[Hors-champ I] Pékin et les géants de la technologie

Chine. Le sens géopolitique de l’humiliation de Jack Ma

Juan Chingo

Chine. Le sens géopolitique de l’humiliation de Jack Ma

Juan Chingo

L’attention mondiale focalisée sur les élections américaines de novembre a occulté un fait qui n’est pas mineur : l’annulation par les autorités chinoises de l’entrée en bourse attendue de la filiale d’Alibaba Group Holding, Ant Group, à Shanghai et à Hong Kong.

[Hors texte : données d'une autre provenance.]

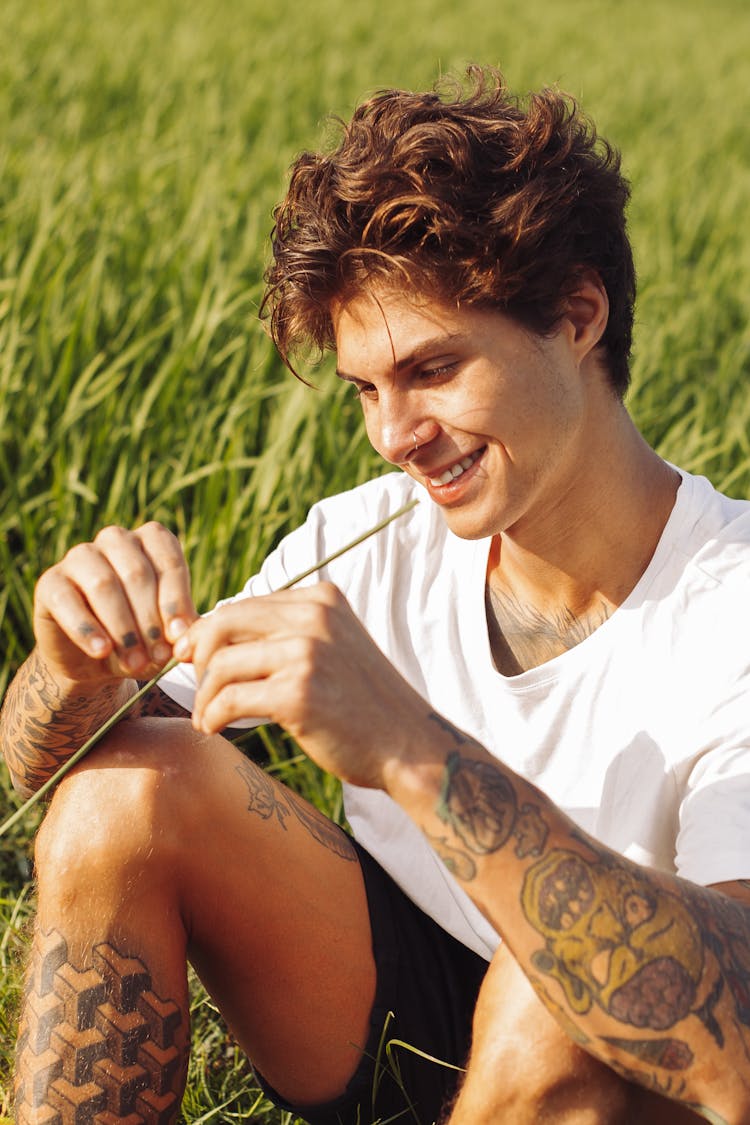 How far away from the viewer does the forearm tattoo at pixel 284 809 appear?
1525mm

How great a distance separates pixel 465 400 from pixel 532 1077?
2.27 feet

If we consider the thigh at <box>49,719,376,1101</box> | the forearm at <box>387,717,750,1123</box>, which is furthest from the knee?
the forearm at <box>387,717,750,1123</box>

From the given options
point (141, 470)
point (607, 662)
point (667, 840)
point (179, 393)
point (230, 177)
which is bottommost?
point (667, 840)

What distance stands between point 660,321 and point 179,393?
4.58ft

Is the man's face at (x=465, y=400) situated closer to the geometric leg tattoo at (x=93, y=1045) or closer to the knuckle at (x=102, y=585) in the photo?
the knuckle at (x=102, y=585)

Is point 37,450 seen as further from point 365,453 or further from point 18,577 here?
point 365,453

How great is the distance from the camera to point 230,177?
13.4ft

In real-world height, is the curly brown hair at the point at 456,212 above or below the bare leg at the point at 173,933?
above

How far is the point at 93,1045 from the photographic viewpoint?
1398 mm

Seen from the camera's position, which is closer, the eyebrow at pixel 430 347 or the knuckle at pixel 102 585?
the knuckle at pixel 102 585

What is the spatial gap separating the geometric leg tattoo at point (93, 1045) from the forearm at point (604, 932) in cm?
42

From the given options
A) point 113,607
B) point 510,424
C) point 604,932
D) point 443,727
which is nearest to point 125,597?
point 113,607

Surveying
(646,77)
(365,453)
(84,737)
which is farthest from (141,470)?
(646,77)

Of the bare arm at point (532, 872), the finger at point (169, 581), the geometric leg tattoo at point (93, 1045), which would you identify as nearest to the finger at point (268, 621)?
the bare arm at point (532, 872) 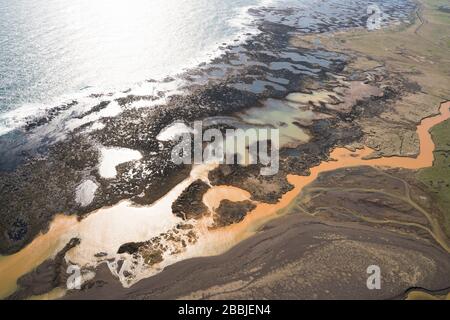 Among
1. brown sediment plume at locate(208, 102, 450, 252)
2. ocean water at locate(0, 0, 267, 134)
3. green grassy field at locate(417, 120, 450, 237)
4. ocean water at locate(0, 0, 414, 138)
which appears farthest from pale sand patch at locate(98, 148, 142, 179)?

Ant Group, propriété du magnat chinois Jack Ma, qui, dans sa jeunesse, avait étudié l’électronique et l’anglais avant de s’orienter, à partir des années 1990, vers l’activité entrepreneuriale, est devenu le plus grand conglomérat financier et de commerce en ligne de Chine. Si elle avait réalisé son entrée en bourse de 35 milliards de dollars prévue le 5 novembre dernier, la firme aurait fait voler en éclats l’offre record de 29,4 milliards de dollars faite l’an dernier pour Saudi Aramco, le géant pétrolier saoudien, la plus importante jamais réalisée dans l’histoire. Elle aurait représenté la consécration ou la validation, par le marché, du nouveau monde de l’innovation financière et de la technologie financière. L’accord aurait donné à la société chinoise une note plus élevée que celle de la plupart des grandes banques mondiales, incarnant ainsi les attentes du marché selon lesquelles les nouvelles technologies finiront par l’emporter sur le système financier traditionnel.

Croissance vertigineuse

Le domaine des paiements électroniques s’est développé à toute vitesse en Chine. Selon le quotidien El País, « en 2018, le volume des transactions a atteint 227,4 milliards de yuans (environ 33,1 milliards de dollars) selon la Banque populaire de Chine, un chiffre 28 fois supérieur à celui d’il y a cinq ans. L’institution prépare pour cette année ce qui sera la première devise nationale numérique. L’application d’Ant, Alipay, a été l’un des principaux acteurs de ce processus, avec son grand rival, WeChat, propriété de Tencent ». Comme le dit le même journal : « Alipay est né en 2004 comme un outil pour faciliter la confiance mutuelle entre les consommateurs et les vendeurs de Taobao, la plateforme de commerce électronique d’Alibaba. Depuis lors, sa croissance est inéluctable : l’application compte plus de 900 millions d’utilisateurs en Chine et les codes QR avec lesquels les paiements sont effectués peuvent désormais être vus chez les commerçants du monde entier. Lorsque l’utilisation d’Alipay pour payer les produits de consommation et accumuler des économies s’est popularisée, cela a ouvert la porte à Ant pour commencer à offrir à ses utilisateurs des produits financiers tels que des prêts, des investissements et des assurances, tous personnalisés dans le moindre détail, grâce aux informations accumulées sur le comportement de l’utilisateurs sur ses milliers de transactions. »
Pour donner une idée de sa dimension, l’année dernière, l’application a traité des paiements pour 110 milliards de yuans (17 milliards de dollars), soit près de 25 fois plus que PayPal, la plus grande plateforme de paiement en ligne hors de Chine.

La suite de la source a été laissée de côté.